5. The P2P credit application of the borrower
The whole credit process goes through several steps, like application, acknowledge, credit, approval, assign, and loan management. In the application process, P2P lending needs detailed information.
6. Top 2 P2P Lending Solution Providers in 2021
The P2P lending market contains hundreds of platforms. And each year, more and more new different lending platforms go to market. We decided to collect some of the best solution providers of this year:
- Peerform is a platform that uses algorithms to grade applicants with more credibility.
Peerform provides borrowers with damaged credit an alternative to high-interest payday loans and other financial products, such as fee-laden credit cards.
Peerform’s best rate is 5.99% and one of the lowest in the market, with its maximum APR offering a comparatively low rate of 29.99%.
However, Peerform charges such fees as a 1% to 5% origination fee and a 5% late fee. These fees are within the normal range among lenders who charge them, but not all other platforms use them. Additionally, the platform’s personal loans are only available in three-year terms. While there aren’t any penalties for paying your loan off early, it will be problematic if you need to postpone your payments.
Among the main points:
- Loan amounts are $4,000-$25,000
- Fixed APR Range is 5.99%-29.99%
- Loan Terms are three years
- Origination Fee is 1%-5%
- Late Fee is 5% ($15 minimum)
- Minimum recommended FICO score of 600
- UpStart. This lending platform uses academic and employment credentials to search for potential borrowers, even if they have imperfect credit histories.

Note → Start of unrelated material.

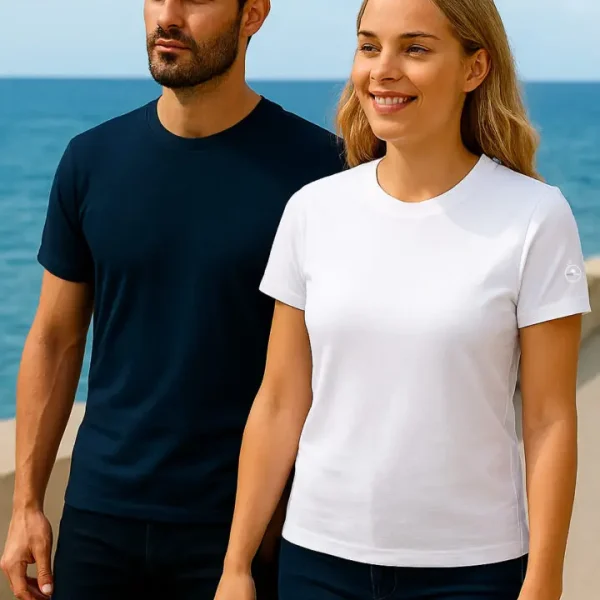 homme et femme en t-shirt sport prés de la mer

Their motto is “You are more than your credit score,” which means users don’t even need to have a credit score to get funding. But If they have credit experience, they will need at least a 600 credit score. And even more, If they share unconventional information like the university they attended, the area of study, they can get a lower rate from a traditional lender.
Upstart’s lowest APR is relatively low, and there are no origination fees to borrowers with the strongest applications. Of course, not everyone may be approved. Upstart also can charge some borrowers origination fees as high as 8%, which is 2-3 percentage points higher than the maximum assessed platforms. They also don’t accept any co-signers.
Among the main points:
- Loan amounts are $1,000-$50,000 based on credit, income, and other information
- The typical APR Range is 8.94%-35.99%
- Loan Terms are 3 and 5 years
- Origination Fee is 0%-8%
- Late Fee is 5% ($15 minimum)
- Time to Receive Funds is usually one business day after acceptance for most loans, two if you accept the loan offer past 5 p.m. EST.
- A minimum score of 600
P2P lending solutions are generally regulated, the rules are clear and controlled by the central banks of each country. All of the platforms listed above can provide detailed information about the service they offer and are transparent to overcome the distrust of future users. But keep in mind that platforms with more guarantees and lucrative tax programs usually offer a lower interest rate. More aggressive decisions that claim high rates can lead to problems with loan repayments for months or even years.
The P2P lending market is growing by almost 30% annually. Demand for cheaper and more affordable loans in troubled economies is always high because bank loans are too expensive. Thus, P2P lending platforms have already become part of the financial market, offering attractive investment instruments to individuals and institutional investors.